STORED DATA: Begin

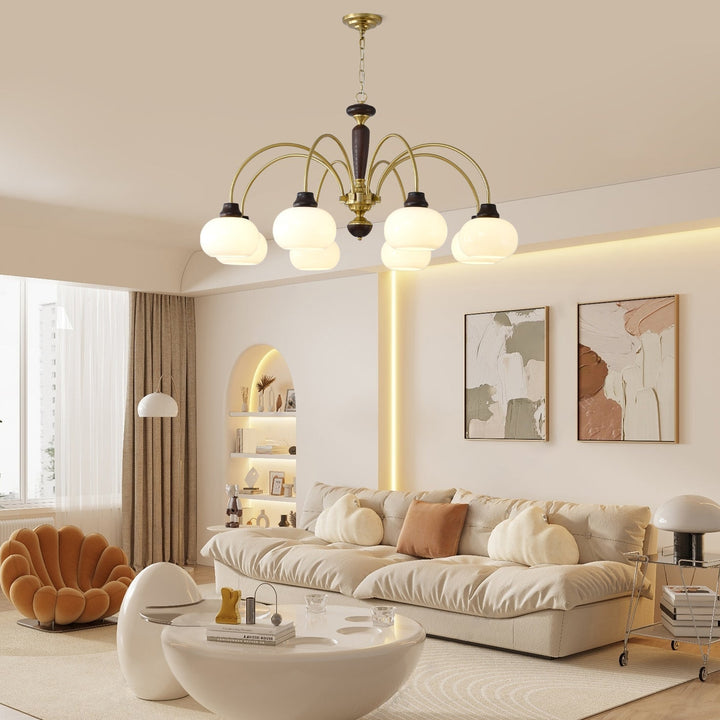 Noraneon lampadario Arched globo con Paralume bianco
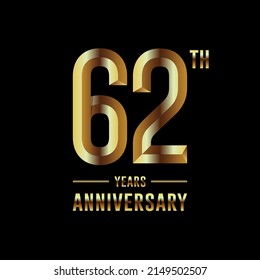 62th Anniversary logotype. Anniversary celebration template design with golden ring for booklet, leaflet, magazine, brochure poster, banner, web, invitation or greeting card. Vector illustrations.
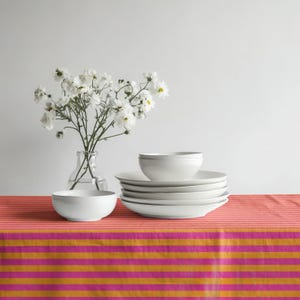 Mantel a rayas rosa y naranja, mantel a rayas fucsia, mantel amarillo mostaza, mantelería retro colorida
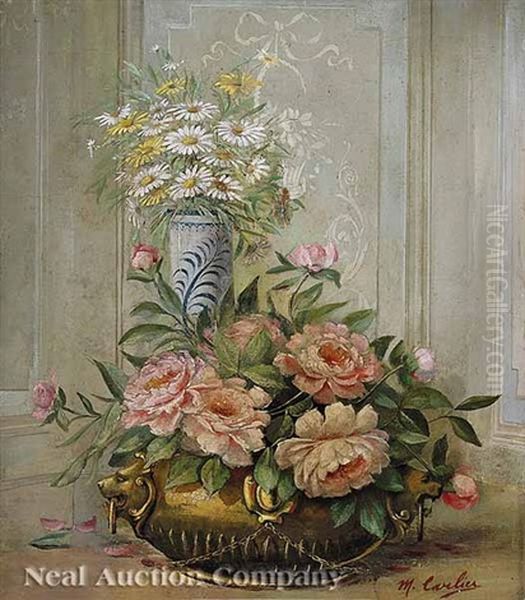 Still Life Of Daisies And Roses Oil Painting by Modeste (Max) Carlier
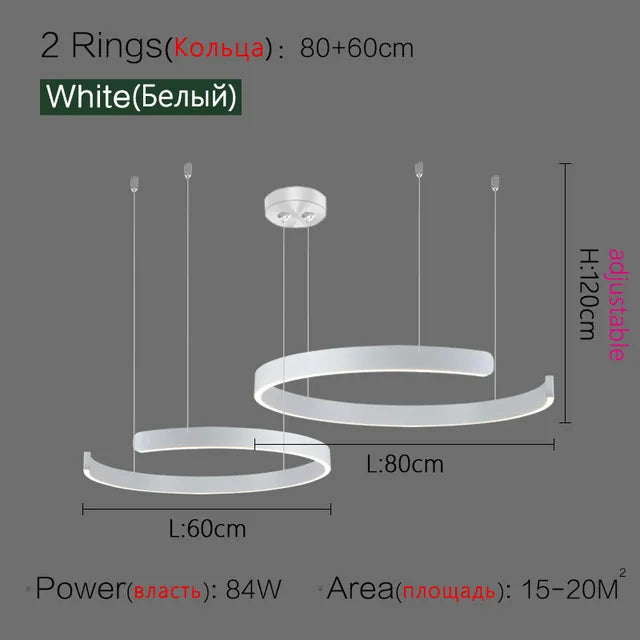 Nordic Ring LED Pendant Chandelier for Home Living Dining Kitchen Lighting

STORED DATA: End

### ABOUT THIS EXERCISE
The images in the entries above should be left out; please reproduce exactly the lines from the first through the one containing "62th Anniversary logotype.".

### THE COMPLETED TASK
 Noraneon lampadario Arched globo con Paralume bianco
 62th Anniversary logotype. Anniversary celebration template design with golden ring for booklet, leaflet, magazine, brochure poster, banner, web, invitation or greeting card. Vector illustrations.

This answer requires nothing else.